For a BS-PUF with an input message length of 256-bit, there are $2^{256}$ possible input messages. There are eight stages with $2^8$ possible keys. It is infeasible to generate all $2^{264}$ PCPs. Linear Regression (LR) is performed with a training set of size $n=\{10,100,1000\}$ PCPs per key. To obtain a representative sample of PCPs, responses are computed with 100 keys and $10,000$ plaintexts. PCPs not part of the training set are used for cross-validation.

Scalability experiments are conducted on a six-stage, 64-bit input BS-PUF; the delay matrix of this BS-PUF is the top left $64es6$ sub-matrix of the eight-stage delay matrix acquired from Monte Carlo Sampling. The number of CRPs $N_{CRP}$ that are required to learn a k-stage arbiter PUF with error rate $ϵ$ is $0.5es(k+1)/ϵ$ [29]. Thus, for a six-stage BS-PUF, we also scale down n to 8, 80 and 800 PCPs per key.

Table 3. LR on the 2nd LSB with six- and eight-stage BS-PUFs.

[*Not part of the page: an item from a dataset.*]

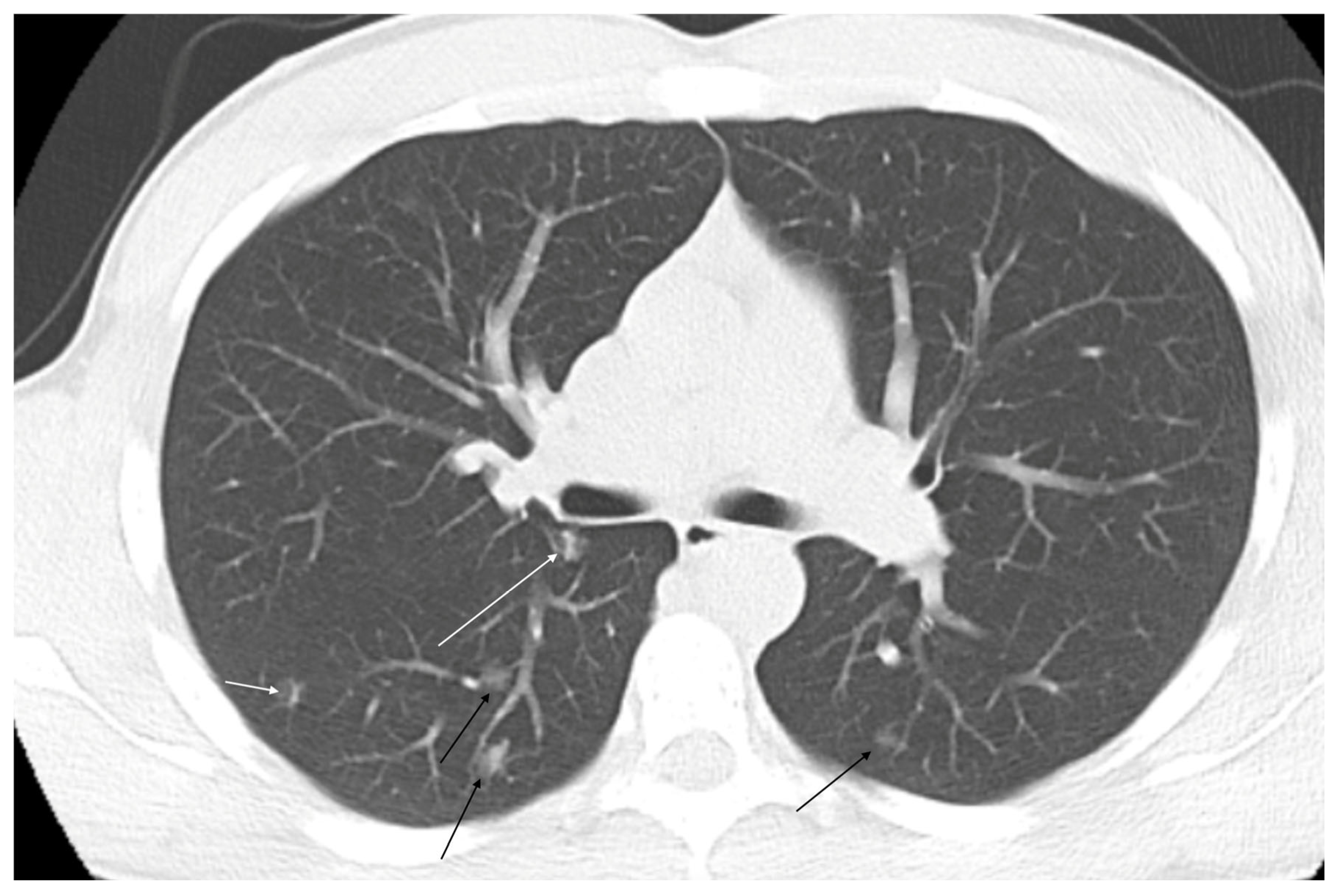 Jcm 14 03739 g004 Jcm 14 03739 g004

ML Method	Bit Length	Prediction Rate	PCPs	Training Time
LR	64	43.2% 52.6% 79.5%	800 8000 80,000	0.0315 s 0.1658 s 1.0104 s
LR	256	32.4% 41.0% 62.8%	1000 10,000 100,000	0.0157 s 0.4620 s 1.6245 s

shows the prediction accuracy of LR on 2nd LSB. LR is implemented by an iterative program written in Matlab. The regression coefficients’ initial values are set to $(0,0)$ in all LR applications. Silicon stability of BS-PUFs is $75\%$. Thus, all modeling reaching a higher prediction rate should be considered a success. If 2nd LSB is used as the delay bit, then LR can successfully model six-stage BS-PUF with a sufficient number of PCPs while eight-stage BS-PUF cannot be successfully modeled without enlarging the training set.

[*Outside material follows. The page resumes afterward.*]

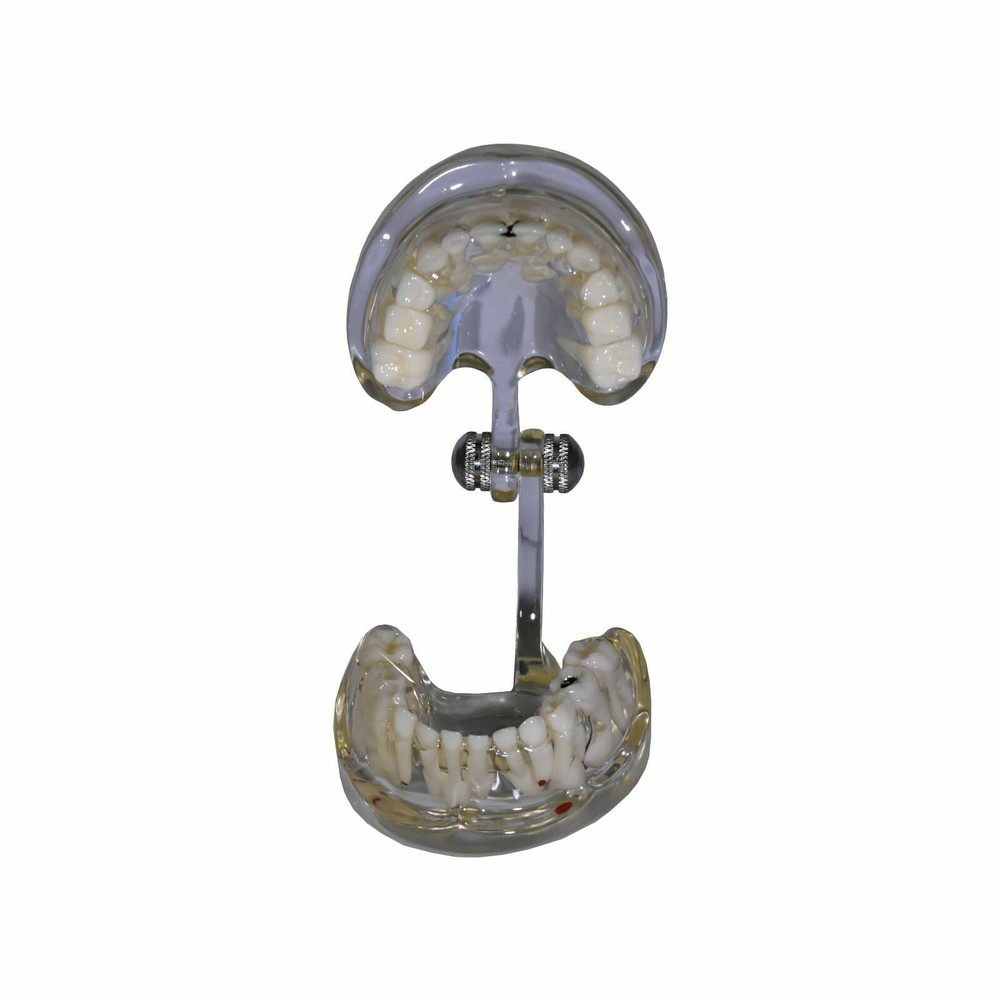 Redland Model Dental Demonstration Teeth Educational Model -FDA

8. Conclusions and Future Work

In this work, we propose an encryption protocol based on invertible and commutative PUFs and propose a circuit implementation of the required invertible and commutative PUF (BS-PUF). Spectre Monte Carlo simulations indicate only less than 1 bit delay variation when the plaintext changes. This ensures the commutativity of the system. The primary focus of this paper is to develop a PUF-based encryption protocol; to define the requirements of such a protocol—an invertible and commutative PUF; and to show that such an invertible and commutative PUF design is feasible. Simulations that establish this PUF design provide good randomness, uniqueness and reproducibility performance. These encryption PUFs have the potential to root encryption in hardware, hence increasing robustness beyond current software-only solutions.

Much needs to be addressed to establish the practicality of invertible and commutative PUFs in real silicon implementations. An evaluation of PUFs based on more relevant permutation families such as the Keccak sponge family [20] is needed. There are many possible future directions to incorporate asymmetric encryption with these PUFs. The proposed design uses raw PUF responses; it will therefore be noisier than traditional PUFs. An error coding scheme using helper data and some form of fuzzy extraction is required.